═════ GIVEN INFORMATION
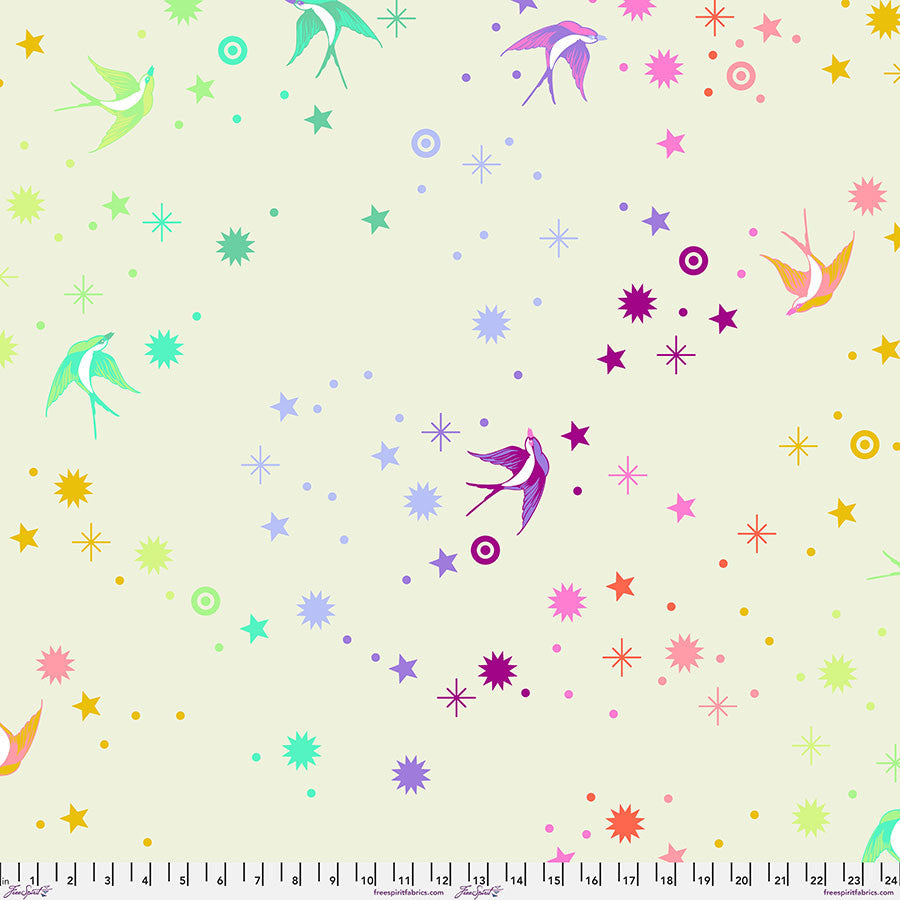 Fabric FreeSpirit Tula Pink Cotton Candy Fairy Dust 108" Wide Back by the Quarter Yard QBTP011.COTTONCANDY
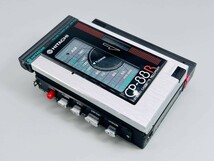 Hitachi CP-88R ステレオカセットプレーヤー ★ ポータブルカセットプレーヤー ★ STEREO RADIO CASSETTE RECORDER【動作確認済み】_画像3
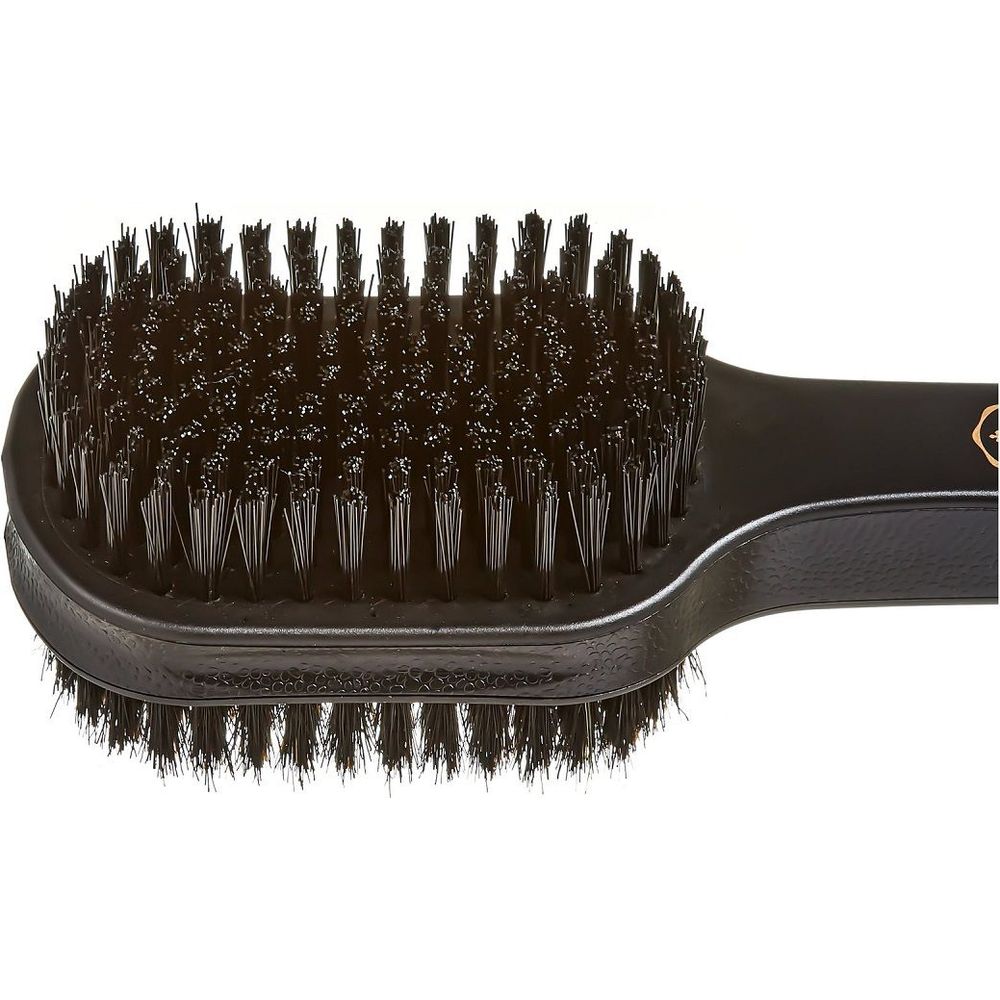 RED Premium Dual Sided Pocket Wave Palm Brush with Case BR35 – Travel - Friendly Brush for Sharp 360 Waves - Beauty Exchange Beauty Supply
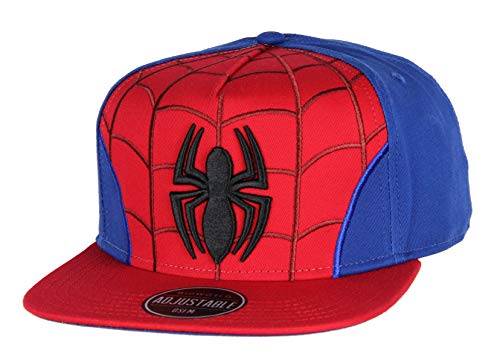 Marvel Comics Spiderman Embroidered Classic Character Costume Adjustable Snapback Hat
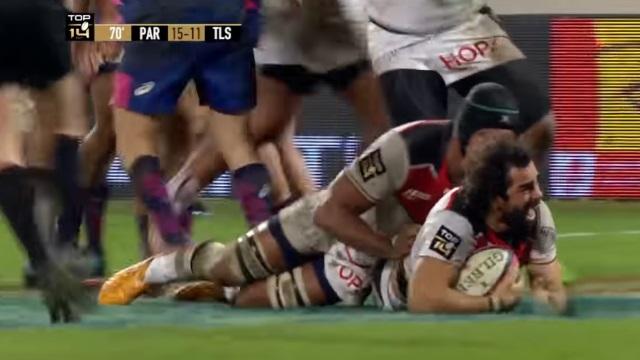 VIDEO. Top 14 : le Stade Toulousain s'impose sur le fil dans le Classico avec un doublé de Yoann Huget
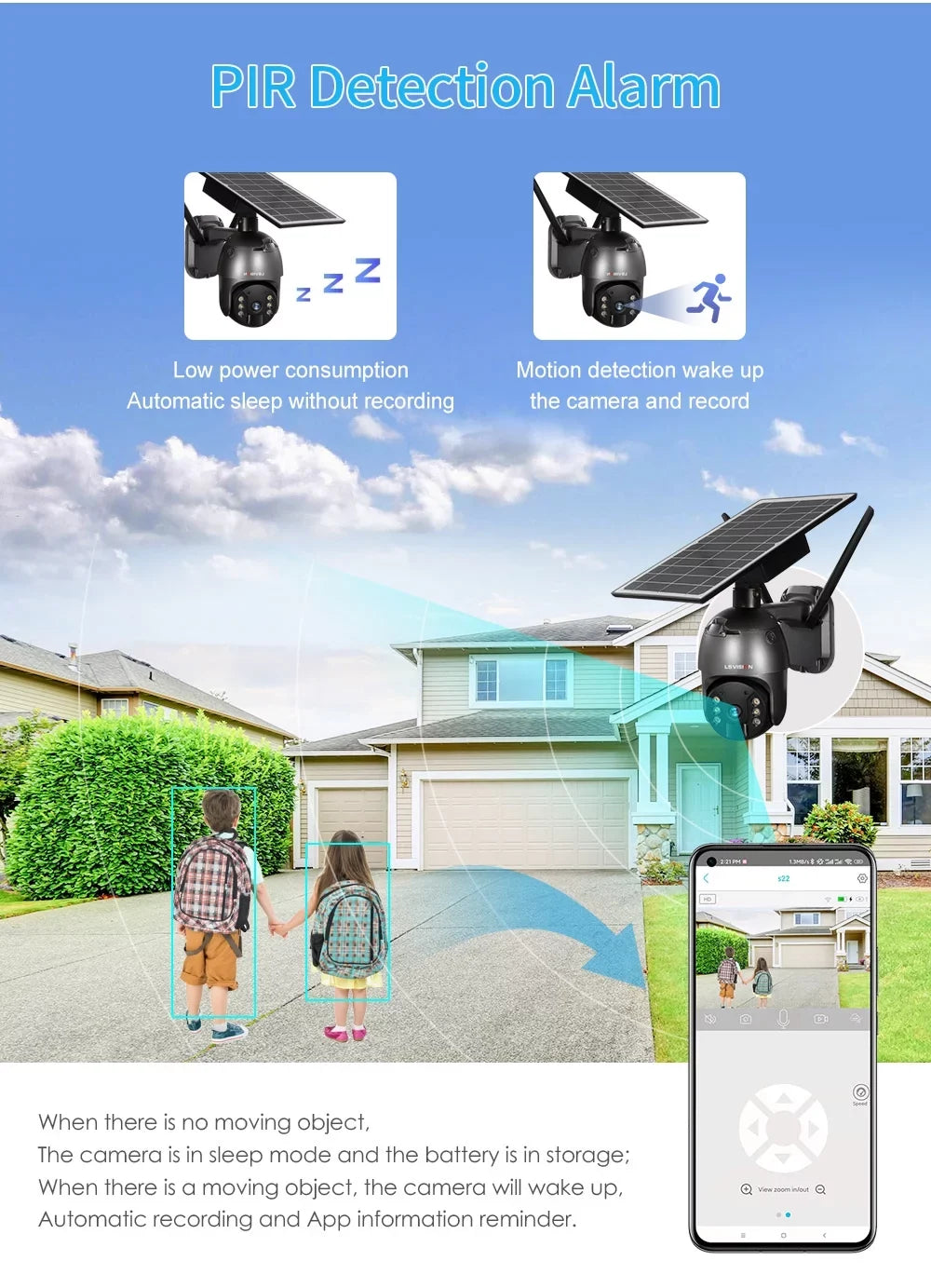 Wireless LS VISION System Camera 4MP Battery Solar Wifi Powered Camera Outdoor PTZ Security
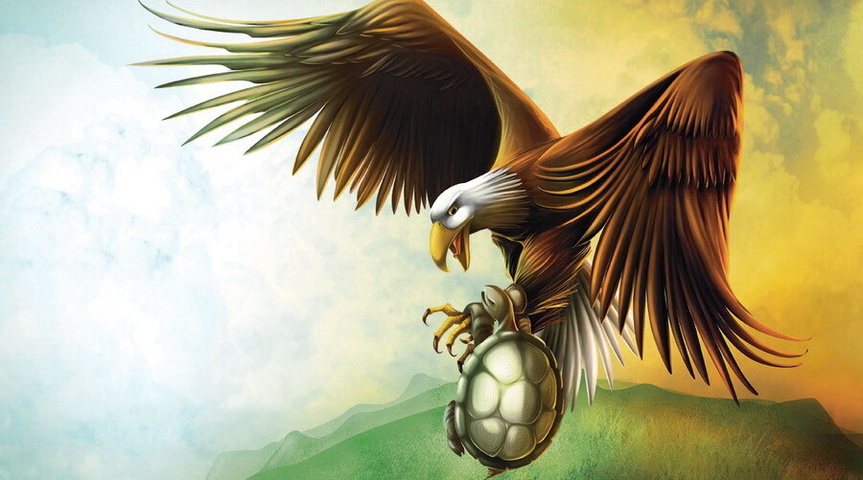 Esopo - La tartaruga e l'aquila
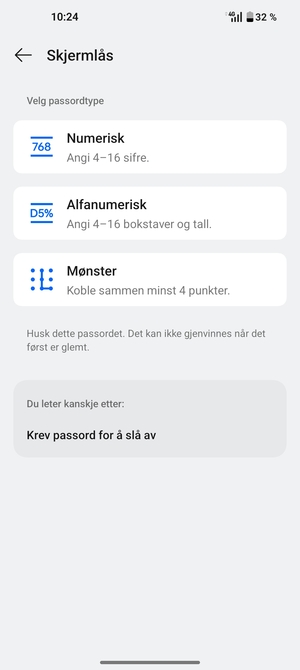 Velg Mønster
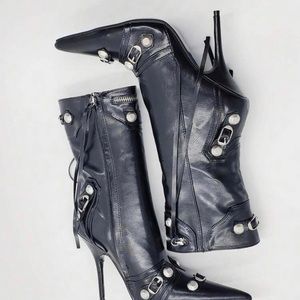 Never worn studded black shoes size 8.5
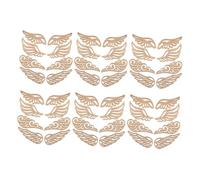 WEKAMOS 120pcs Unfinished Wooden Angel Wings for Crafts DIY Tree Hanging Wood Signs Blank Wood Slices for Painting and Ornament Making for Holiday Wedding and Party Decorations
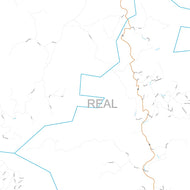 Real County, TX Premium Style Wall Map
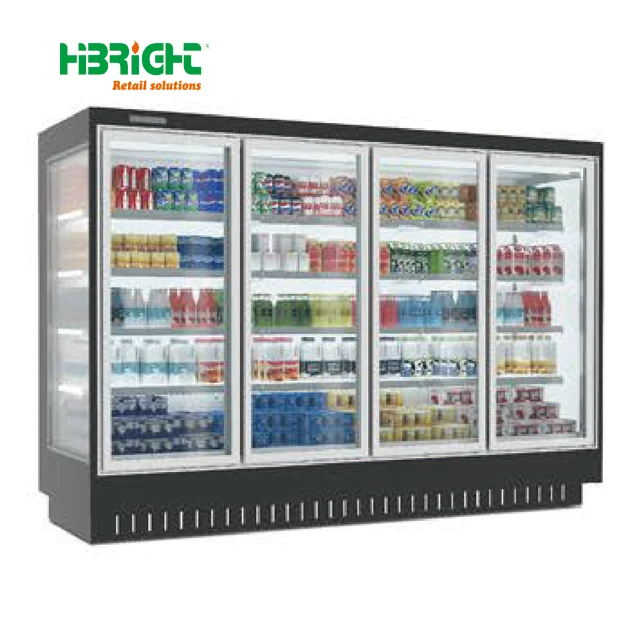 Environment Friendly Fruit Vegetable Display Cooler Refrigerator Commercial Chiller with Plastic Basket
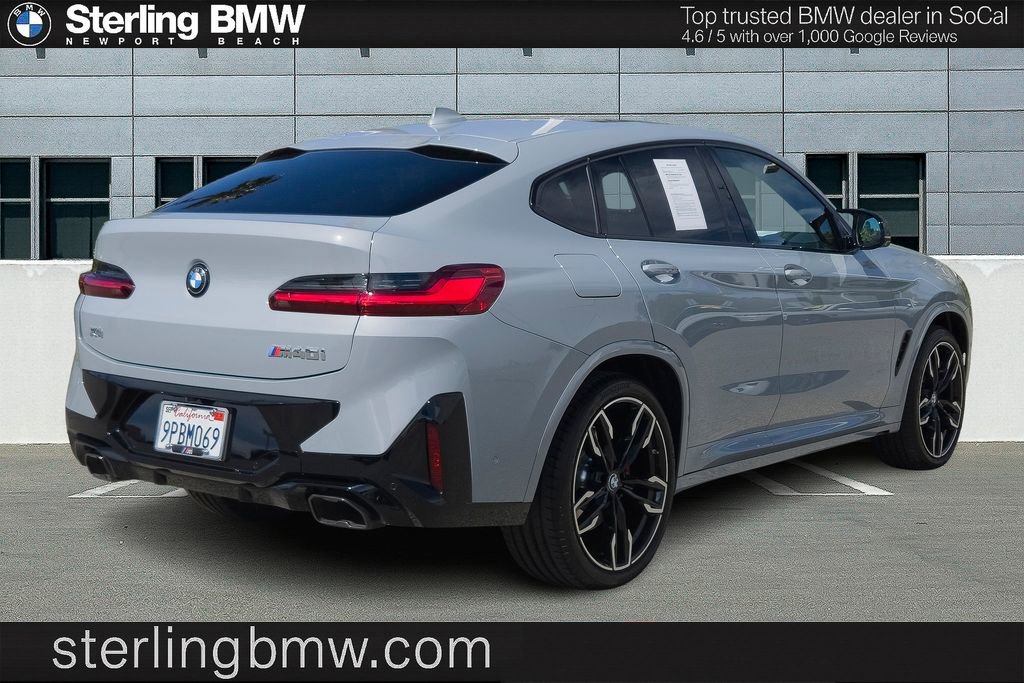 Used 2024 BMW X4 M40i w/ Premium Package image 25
══════════
**WORK ORDER**
Only the lines from the one containing "Velg Mønster" through the end of the listing above should be reproduced, exactly as they stand. Leave the pictures out.

**OUTPUT FOR THIS EXERCISE**
 Velg Mønster
 Never worn studded black shoes size 8.5
 WEKAMOS 120pcs Unfinished Wooden Angel Wings for Crafts DIY Tree Hanging Wood Signs Blank Wood Slices for Painting and Ornament Making for Holiday Wedding and Party Decorations
 Real County, TX Premium Style Wall Map
 Environment Friendly Fruit Vegetable Display Cooler Refrigerator Commercial Chiller with Plastic Basket
 Used 2024 BMW X4 M40i w/ Premium Package image 25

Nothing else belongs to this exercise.